The vote count to repeal Senate Bill 21, the More Alaska Production Act, and return to the Palin-era tax regime of 2007, Alaska’s Clear and Equitable Share, teetered between yes and no throughout the evening. The moods of supporters shifted with the change in tallies. In the early morning hours Wednesday, with 98.6 percent of precincts reporting, there were 79,980 votes against the repeal, compared to 73,184 votes in favor, for a 52-48 percent margin.
“It's nerve-wracking, but we will have to wait and see. It likely won't be over until the very last vote is counted,” said Kara Moriarty, one of the leaders of the “no” campaign to reject repeal and keep SB 21. “I believe there are more than 11,000 absentee ballots to be counted, so it's possible we won't have final result until Sept. 2.”

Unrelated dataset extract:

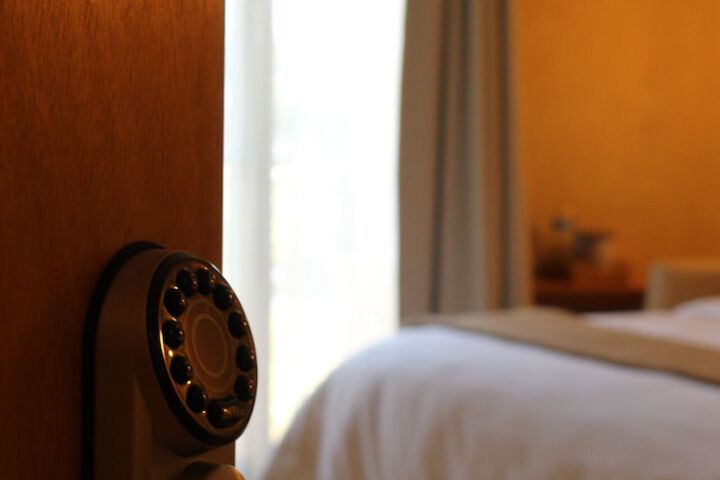 Room 2 of 21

Author and repeal supporter Jack Roderick said the showing by the Vote Yes campaign groups has been impressive, in part because they're made almost entirely of volunteers.

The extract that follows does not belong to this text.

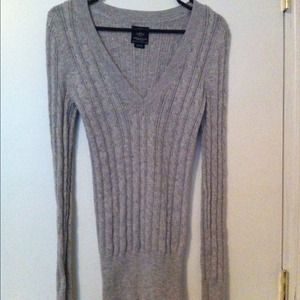 AE gray knit long sleeve sweater.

"This issue is alive whichever way it goes," Roderick said. "We want to control our future. And the big boys talked the governor into a giveaway. That's no way to run a business or a government."
Gov. Sean Parnell said when he proposed Senate Bill 21 in 2013 that the new tax law was needed to increase investments in Alaska by oil producers. He said that with the old law, the industry was investing money Outside in states with more favorable taxes.
On Tuesday night, he said he would respect the decision by voters, whichever way it went. But he also said the debate wouldn’t be over if the law was repealed.
"Regardless of the outcome, you’ll see the elected leaders -- me as governor, the Legislature -- we’re going to respect the will of the people, regardless of what happens," Parnell said. "I think by January it will be up to the Legislature and governor at that point in time to decide, but the people, they will have spoken when this is over, either no or yes. We’ll either go forward with the more Alaska Production Act, or we’ll go forward with ACES."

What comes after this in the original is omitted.